Abstract
Biosensors based on surface plasmons have shown to be reliable and highly sensitive platforms. Here we investigate the feasibility and the potential of an alternative platform for biological sensing based on Bloch surface waves sustained by a one-dimensional photonic crystal made of dielectric materials.
Introduction
Surface plasmon resonance (SPR) optical biosensors have been established as a mature technology for simple and fast label free biodetection [1]. In commercial surface plasmon resonance (SPR) platforms [2], surface plasmon polaritons (SPPs) are used to sense the refractive index changes at the sensor surface, mainly in real-time conditions.
Recently, electromagnetic modes propagating at the interface between a homogeneous medium and a finite one-dimensional photonic crystal (1DPC), also named Bloch Surface Waves (BSWs), have been proposed as an alternative to SPPs [3–5]. BSWs offer several possible advantages as compared to SPPs. Their dispersion can be designed at almost any wavelength by properly choosing both the refractive index and thickness of the layers constituting the 1DPC. Since dielectrics are characterized by much lower extinction coefficients in their transmission window than metals, BSW resonances appear much narrower than those observed for SPPs, leading to an increase of the expected performances. In addition, it has been shown the possibility of fabricating temperature-insensitive BSW-sensors [6], while this would not be possible with SPP devices.
In this contribution, we investigate the feasibility of using BSWs on dielectric multilayer structures for the biological sensing as a sensitive and robust alternative to SPP-based schemes. Firstly, we experimentally compare the performances of BSWs and SPPs in terms of sensitivity by using a commercial SPR platform. A figure of merit for the direct comparison of the two approaches is suggested. Secondly, we show an example of a time resolved sensing experiment in which the binding of an antibody/anti-antibody mediated by means of BSW is demonstrated.
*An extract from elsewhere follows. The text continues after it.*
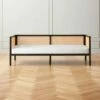 Boho White Linen And Black Rattan Daybed Twin -marin sHOP BohoBlkDaybedWPearlCvrSHS22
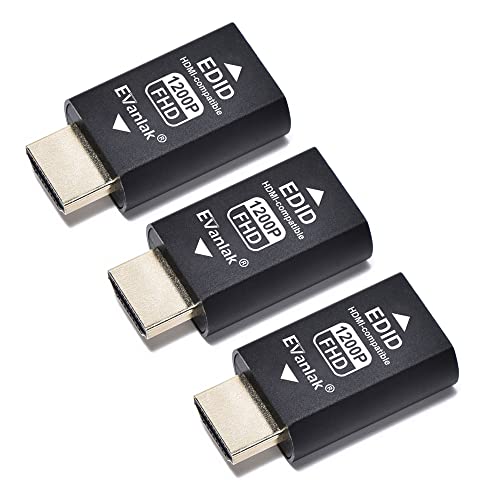 EVanlak Hdmi Edid Emulator Passthrough Dongle Eliminated Emulator Adapter 3rd Generrtion Work with Mac Thunderbolt to HDMI Switches/Extender/AV Receiver/Video Splitters -1920x1200@59hz-3pack - color: HDMI EDID 1200-3P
Sensitivity Comparison of BSW- and SPP-Based Biosensors
We experimentally report on the direct comparison of the sensitivity of BSW and SPP based biosensors. The experiments were carried out by using an SPR platform [2], operating in a focused-beam Kretschman-configuration. In order to compare BSW and SPP performances, we used either a 1DPC or a 45-nm thick gold layer deposited on a common glass slide, respectively. The 1DPC supporting BSWs consists of a six-period stack of alternate high and low index materials, based on different silicon nitride stoichiometry. The thicknesses of the high index (nH = 2.44 at 804 nm) and low index layer (nL = 1.76 at 804 nm) are 123 and 185 nm, respectively. With the purpose of evaluating the sensitivity of the two substrates as a function of the refractive index change at the surface, we spotted droplets of glucose solutions at different concentration, ranging from 0.01 % to 10 %. The resonance shift was then recorded and compared with the position of the resonance as measured for the bare substrate.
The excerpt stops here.